Excerpts from a dataset -
★ ★ ★ ★
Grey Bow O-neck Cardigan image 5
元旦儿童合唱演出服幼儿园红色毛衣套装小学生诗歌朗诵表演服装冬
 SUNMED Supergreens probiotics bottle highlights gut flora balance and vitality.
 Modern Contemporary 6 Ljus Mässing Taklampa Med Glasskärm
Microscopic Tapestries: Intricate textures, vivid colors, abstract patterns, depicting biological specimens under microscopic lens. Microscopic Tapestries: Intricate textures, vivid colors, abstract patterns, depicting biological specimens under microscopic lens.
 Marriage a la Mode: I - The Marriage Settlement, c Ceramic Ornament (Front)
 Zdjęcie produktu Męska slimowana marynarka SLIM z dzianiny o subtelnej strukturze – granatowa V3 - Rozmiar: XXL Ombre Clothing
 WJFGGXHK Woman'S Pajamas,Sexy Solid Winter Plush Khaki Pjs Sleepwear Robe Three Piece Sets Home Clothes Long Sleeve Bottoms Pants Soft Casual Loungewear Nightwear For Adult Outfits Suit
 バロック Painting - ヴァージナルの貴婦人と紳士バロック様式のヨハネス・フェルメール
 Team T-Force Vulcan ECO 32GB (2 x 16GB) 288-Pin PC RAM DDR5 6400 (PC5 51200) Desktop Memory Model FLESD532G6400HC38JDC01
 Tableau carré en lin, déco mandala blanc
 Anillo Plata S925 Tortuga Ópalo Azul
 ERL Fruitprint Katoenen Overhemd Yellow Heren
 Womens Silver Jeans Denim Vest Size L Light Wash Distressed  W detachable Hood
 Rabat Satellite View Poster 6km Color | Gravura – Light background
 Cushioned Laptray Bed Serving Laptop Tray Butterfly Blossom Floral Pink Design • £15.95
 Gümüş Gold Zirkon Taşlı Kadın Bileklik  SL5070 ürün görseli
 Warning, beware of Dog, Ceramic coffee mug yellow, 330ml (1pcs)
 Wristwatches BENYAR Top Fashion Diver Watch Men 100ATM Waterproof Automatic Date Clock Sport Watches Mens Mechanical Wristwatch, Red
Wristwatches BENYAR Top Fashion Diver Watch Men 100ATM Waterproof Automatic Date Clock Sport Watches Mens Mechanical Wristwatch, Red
★ ★ ★ ★
DESCRIPTION OF THE TASK - The data above must be returned in full, exactly as written.

WRITTEN ANSWER -
Grey Bow O-neck Cardigan image 5
元旦儿童合唱演出服幼儿园红色毛衣套装小学生诗歌朗诵表演服装冬
 SUNMED Supergreens probiotics bottle highlights gut flora balance and vitality.
 Modern Contemporary 6 Ljus Mässing Taklampa Med Glasskärm
Microscopic Tapestries: Intricate textures, vivid colors, abstract patterns, depicting biological specimens under microscopic lens. Microscopic Tapestries: Intricate textures, vivid colors, abstract patterns, depicting biological specimens under microscopic lens.
 Marriage a la Mode: I - The Marriage Settlement, c Ceramic Ornament (Front)
 Zdjęcie produktu Męska slimowana marynarka SLIM z dzianiny o subtelnej strukturze – granatowa V3 - Rozmiar: XXL Ombre Clothing
 WJFGGXHK Woman'S Pajamas,Sexy Solid Winter Plush Khaki Pjs Sleepwear Robe Three Piece Sets Home Clothes Long Sleeve Bottoms Pants Soft Casual Loungewear Nightwear For Adult Outfits Suit
 バロック Painting - ヴァージナルの貴婦人と紳士バロック様式のヨハネス・フェルメール
 Team T-Force Vulcan ECO 32GB (2 x 16GB) 288-Pin PC RAM DDR5 6400 (PC5 51200) Desktop Memory Model FLESD532G6400HC38JDC01
 Tableau carré en lin, déco mandala blanc
 Anillo Plata S925 Tortuga Ópalo Azul
 ERL Fruitprint Katoenen Overhemd Yellow Heren
 Womens Silver Jeans Denim Vest Size L Light Wash Distressed  W detachable Hood
 Rabat Satellite View Poster 6km Color | Gravura – Light background
 Cushioned Laptray Bed Serving Laptop Tray Butterfly Blossom Floral Pink Design • £15.95
 Gümüş Gold Zirkon Taşlı Kadın Bileklik  SL5070 ürün görseli
 Warning, beware of Dog, Ceramic coffee mug yellow, 330ml (1pcs)
 Wristwatches BENYAR Top Fashion Diver Watch Men 100ATM Waterproof Automatic Date Clock Sport Watches Mens Mechanical Wristwatch, Red
Wristwatches BENYAR Top Fashion Diver Watch Men 100ATM Waterproof Automatic Date Clock Sport Watches Mens Mechanical Wristwatch, Red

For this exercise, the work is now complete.